OLYMPIC NATIONAL PARK — A walk in the park can be pure poetry —and now words on four trails in the forest echo the experience.
Those words, placed on signs along the trails, are by such poets as Emily Brontë, Ogden Nash, Shel Silverstein and Gary Snyder.
The fourth season of Poetry Walks will continue through May 31. Poems have been placed on signs along the Hall of Mosses Trail, the Living Forest Trail, the Madison Creek Falls Trails and the Peabody Creek Trail in Olympic National Park.
With the exception of the Hall of Mosses Trail, access to the trails is free.
Poetry was not placed along the Spruce Railroad Trail this year because of ongoing construction related to the Olympic Discovery Trail expansion.
The effort is a program sponsored by the North Olympic Library System — which oversees public libraries in Port Angels, Sequim, Forks and Clallam Bay — and the national park. Signs were installed April 1.
“The library and national park hope the playful combination of nature and art will encourage local residents and visitors to get out and be active, and remind them of two great, local resources that are always available to explore,” said Noah Glaude, assistant library director, in a news release.
Any who are inspired to write a poem or take a photo while on one of the Poetry Walks are encouraged to share it on the library system’s Facebook page or share it with their friends on Twitter with #FindYourPark.

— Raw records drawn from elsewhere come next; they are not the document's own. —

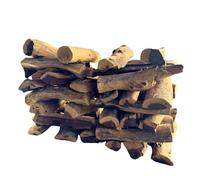 LET'S BRAAI 30kg Mopane braai wood - barbecue wood hardwood logs for braai, BBQ, fire pits, open fires, campfires, and pizza ovens - firewood perfect for log burners and fireplaces. Woodsure Approved.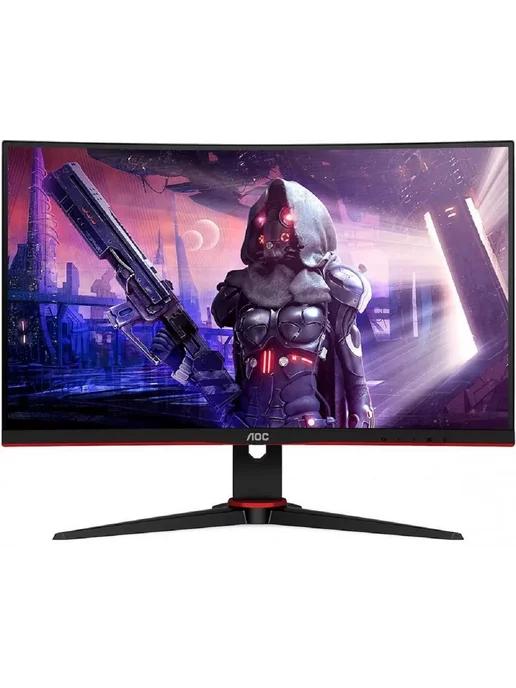 Aoc | Монитор 23.6" C24G2AE Gaming изогнутой VA 1920x1080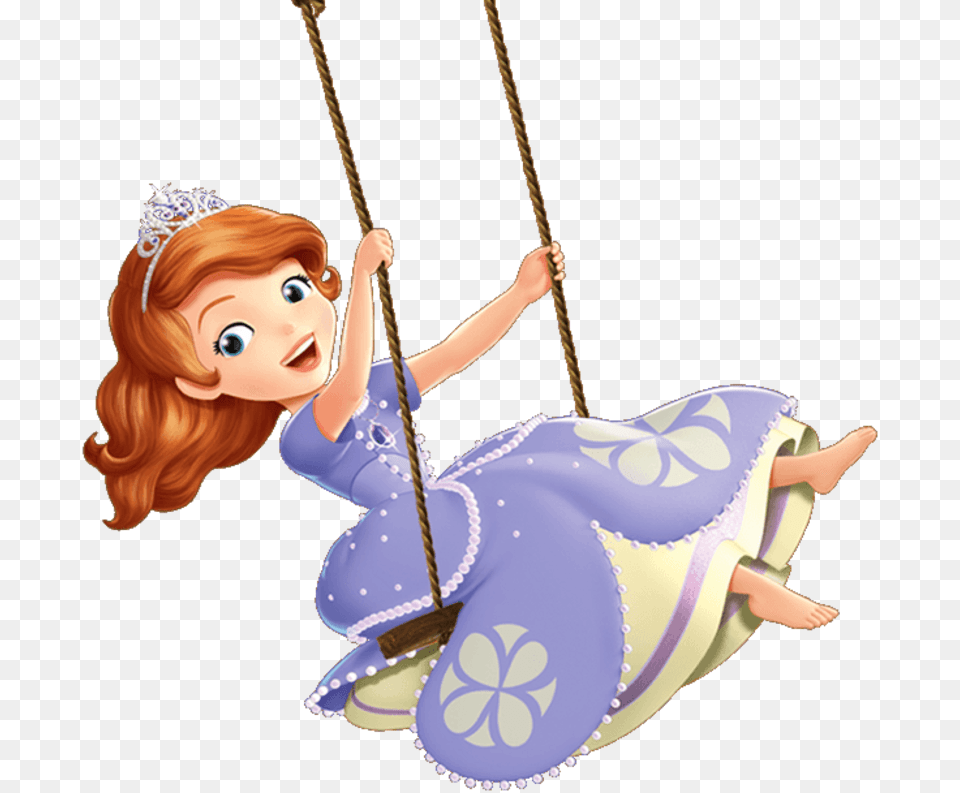 Birthday Princess Sofia, Swing, Toy, Adult, Female Png Image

The Living Forest and Peabody Creek trails begin at the Olympic National Park Visitor Center at 3002 Mount Angeles Road in Port Angeles — on the way to Hurricane Ridge. They offer 0.5-mile loops.
In the spring, skunk cabbage, a native plant found along streams and other wet areas of the woods, blooms and provides vibrant color along the trails.

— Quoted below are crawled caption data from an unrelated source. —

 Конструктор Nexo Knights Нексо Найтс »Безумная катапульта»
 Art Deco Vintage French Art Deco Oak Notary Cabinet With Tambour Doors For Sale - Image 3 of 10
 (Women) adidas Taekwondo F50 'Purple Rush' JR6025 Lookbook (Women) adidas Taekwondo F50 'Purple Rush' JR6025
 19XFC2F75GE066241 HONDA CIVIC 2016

The Madison Creek Falls Trail is located in the Elwha Valley and offers a paved 200-foot walk to the base of the falls.
The Hall of Mosses Trail is a 0.8-mile loop trail that passes through big-leaf maples and Sitka spruces covered in vibrant green and brown mosses. The Hall of Mosses Trail begins near the Hoh Rain Forest Visitor Center, which regular park entrance fees must be paid to access.

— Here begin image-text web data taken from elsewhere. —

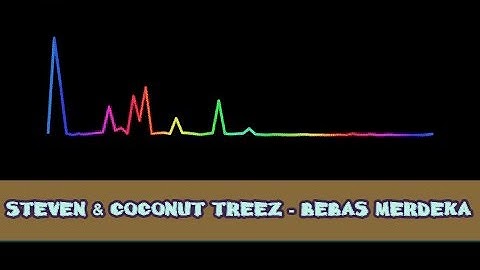 Steven & Coconut Treez - Bebas Merdeka Lirik (Karaoke Version)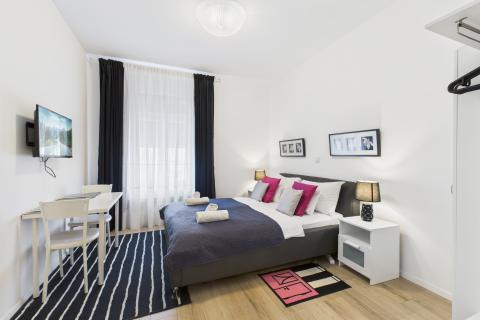 Zagreb, Donji Grad, Studio apartman 
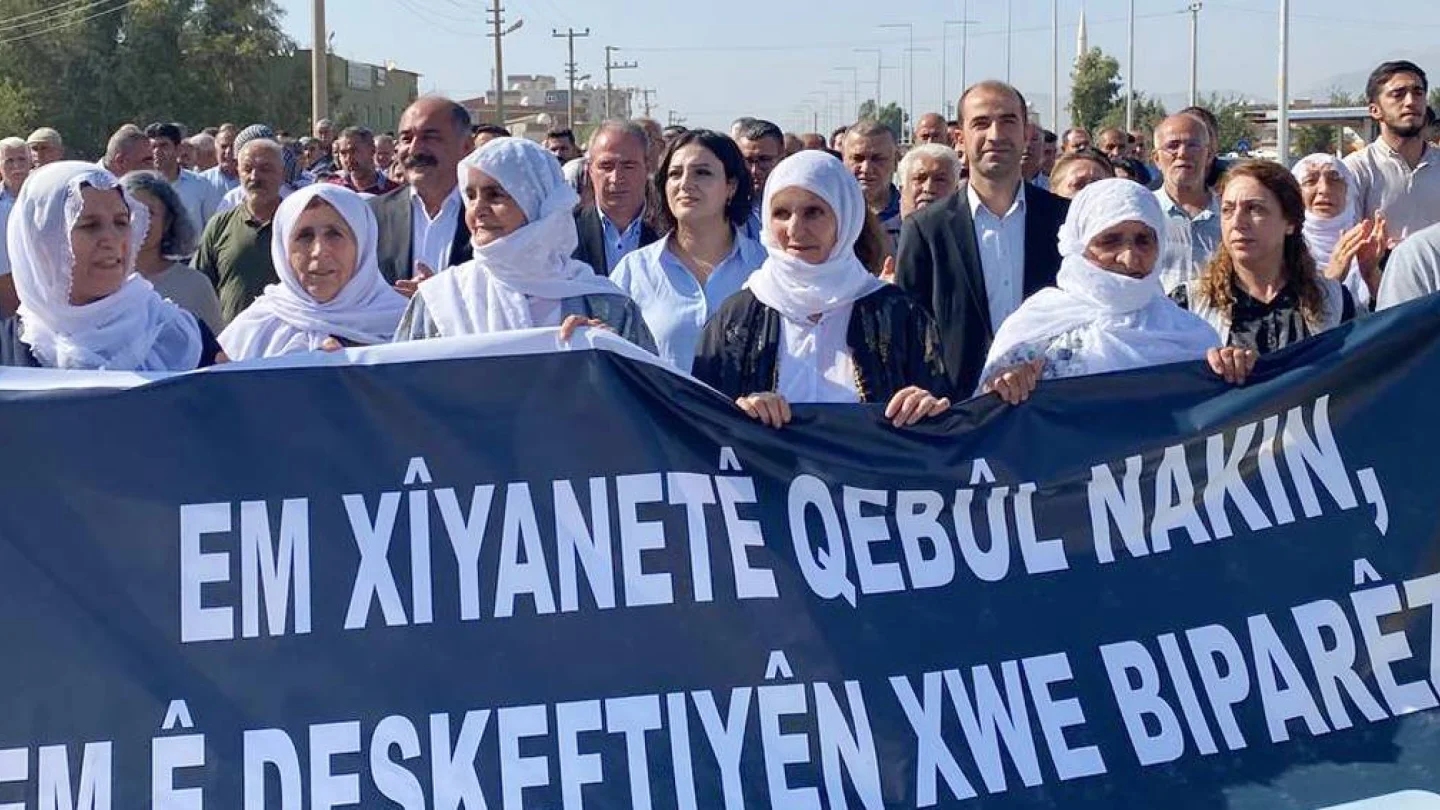 KDP ihaneti/protesto
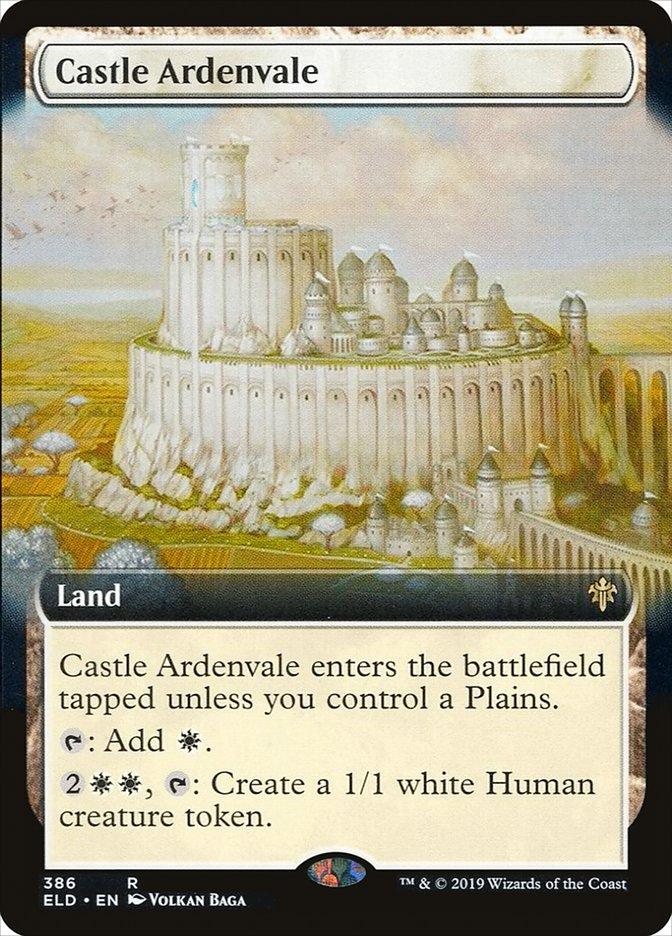 Castle Ardenvale (Extended Art) [Throne of Eldraine] - Rocket TCG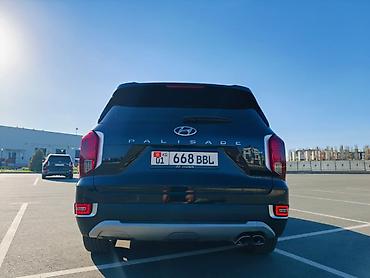 palisade: Hyundai Palisade: 2020 г., 2.2 л, Автомат, Дизель, Кроссовер — 10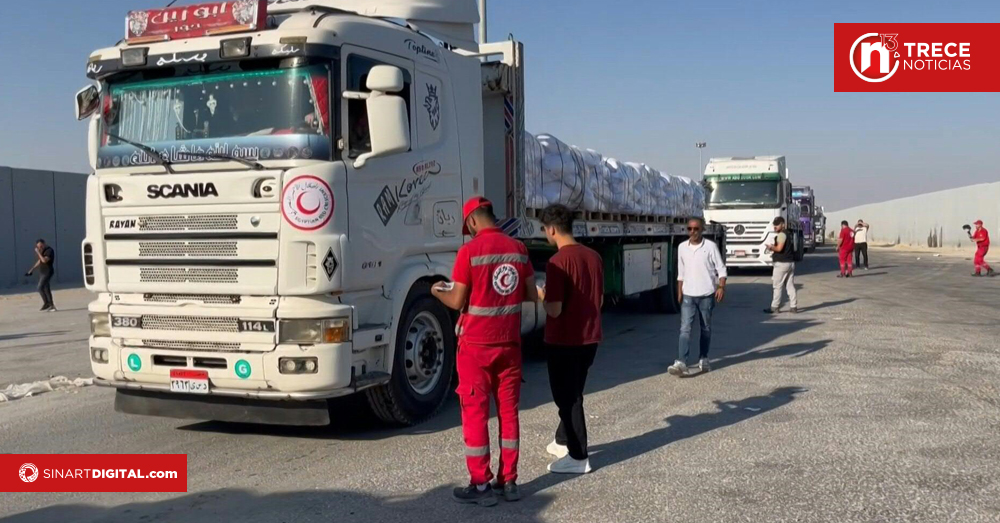 Israel anuncia las primeras entregas de ayuda humanitaria en Gaza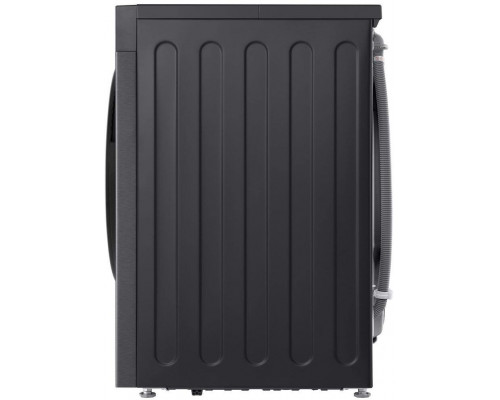 LG F4X5011TBB Washing machine, A, Front loading, Washing capacity 11 kg, Depth 56.5 cm, 1400 RPM, Black | LG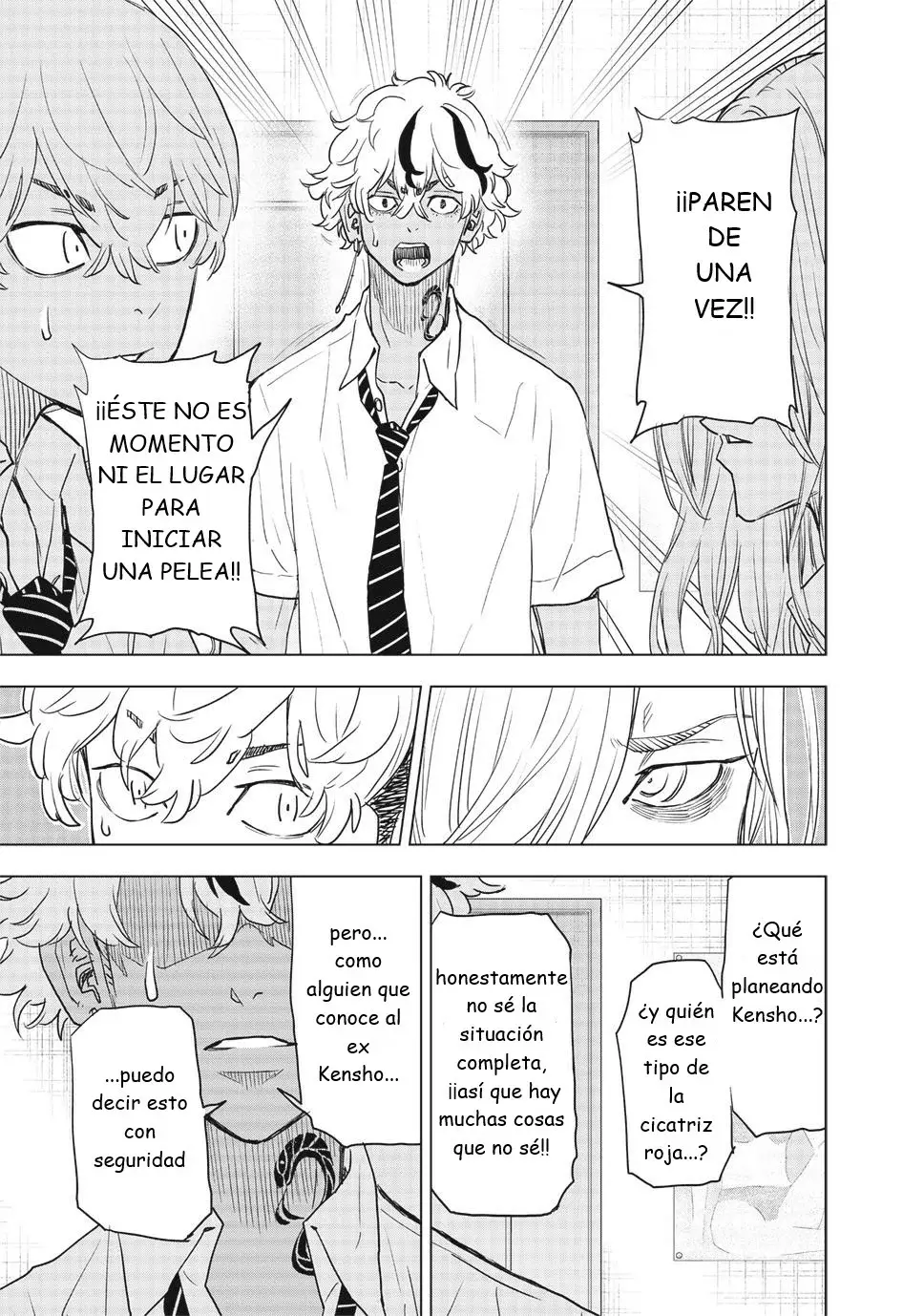 Read Tokyo Revengers_ Letter from Keisuke Baji Español Manga Online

The libraries also offer hiking guides, trail maps, wildlife guides and poetry volumes. Explore Olympic! day packs — which are filled with discovery tools for exploring the park, including trail and field guides, binoculars and reading materials for kids — are available at all four libraries.
Thanks to a generous donation by Washington’s National Park Fund, each family that checks out a pack will receive a seven-day entrance pass to Olympic National Park.
The Poetry Walks program is being offered free to the public thanks to the support of the Port Angeles Friends of the Library.